Tuesday, November 27, 2007

Farro: My New Favorite Grain

While browsing around The Pantry, one of my favorite local gourmet markets, I came across a package of farro. I had eaten farro a number of times, but had never cooked it myself. Farro, also known as "emmer wheat" is a hulled wheat common in Italy. What I discovered, was that it was similar to barley in texture, but nuttier and more delicious.

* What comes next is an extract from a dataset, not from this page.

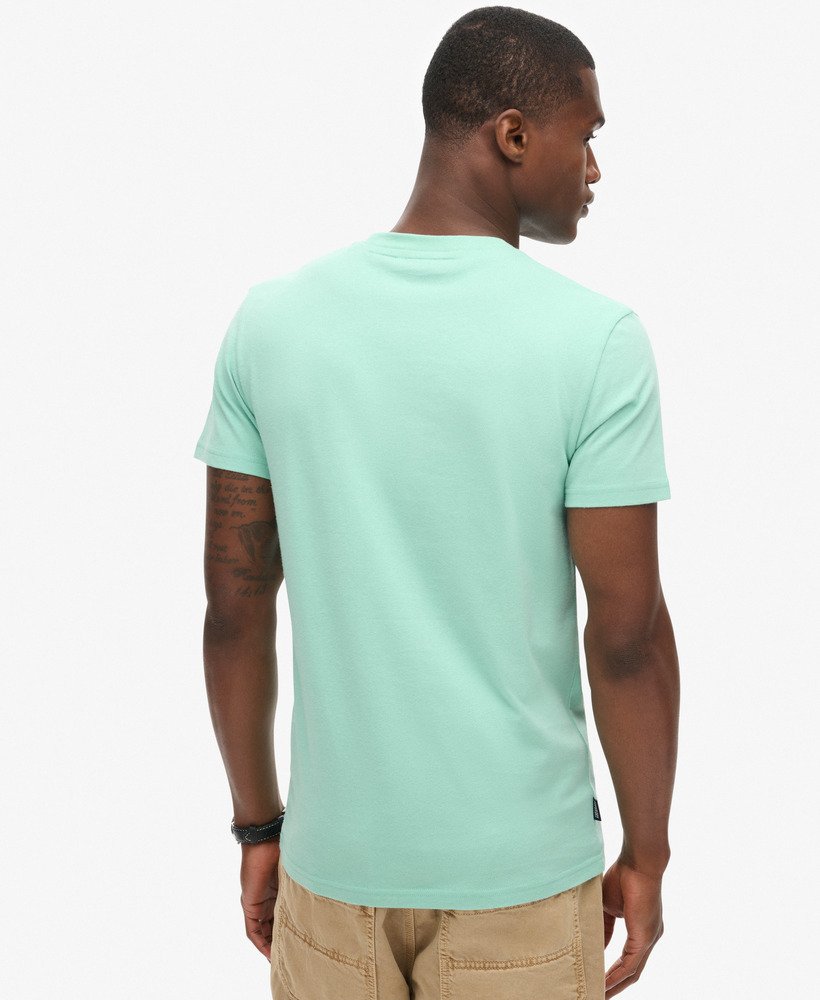 t-shirt met essential-logo van biologisch katoen in spearmint lichtgroen.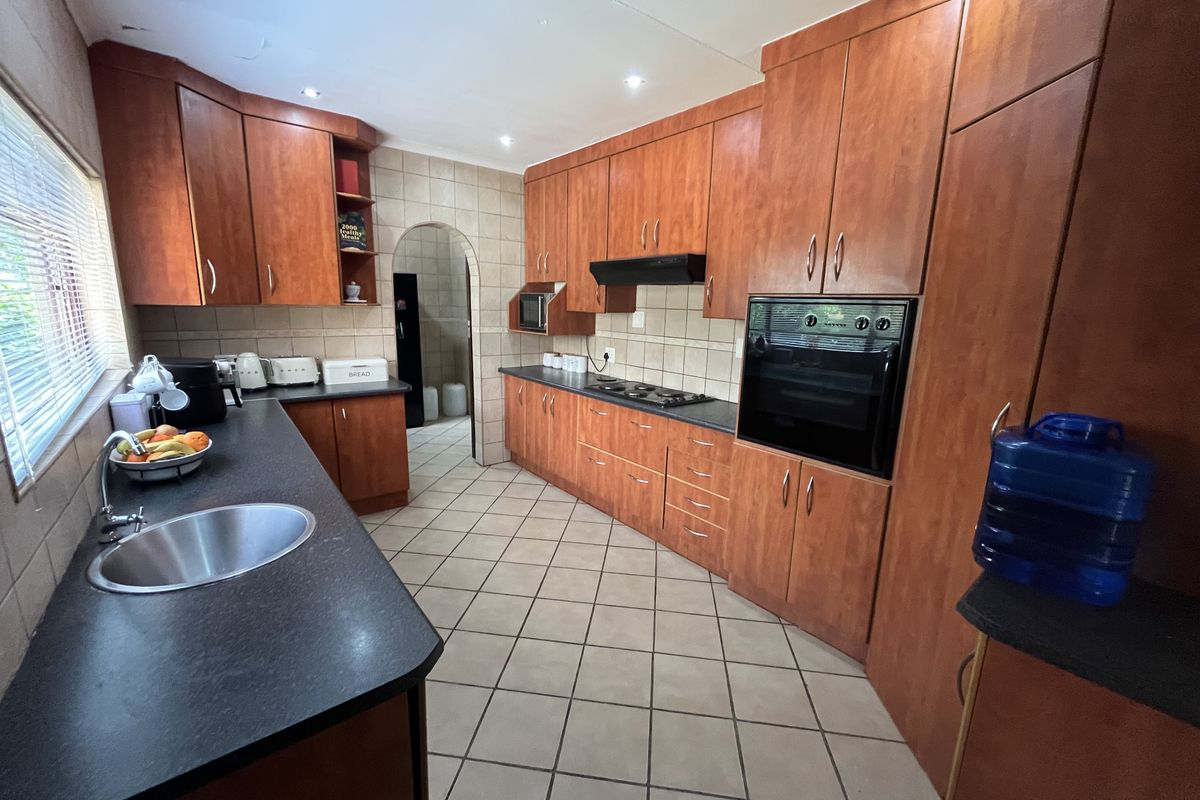 A functional kitchen featuring wood-finish cabinetry, dark countertops, built-in oven and hob, tiled flooring, and a distinctive arched doorway leading to an adjacent space.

The day after I purchased the farro, I received an email newsletter from one of my favorite bloggers, Heidi over at 101 Cookbooks. It was as if the food planets alligned and I had a culinary "moment". Heidi's email was about none other than farro! Coincidence? Perhaps....but how do you account for the fact that all the ingredients listed in her recipe were also items I'd randomly purchased the day prior? Butternut Squash, walnuts, and goat cheese all found their way into my grocery cart before ever having seen her recipe. Paired with the red onions and fresh herbs I always keep on hand, I could make her "Farro and Roasted Butternut Squash" without having to return to the store (now THAT is a first!). You call it coincidence, I call it foodie-divine intervention!

My attempt to make "risotto" out of barley delicious, and I even included it in a "Holiday Side Dishes" class I am teaching this season. So, I figured making a similar dish with farro might yield an even bigger reaction. I was right. My Farro Risotto with Mushrooms was even better than the version with barley. Better yet, it cooks even more quickly. Give it a try!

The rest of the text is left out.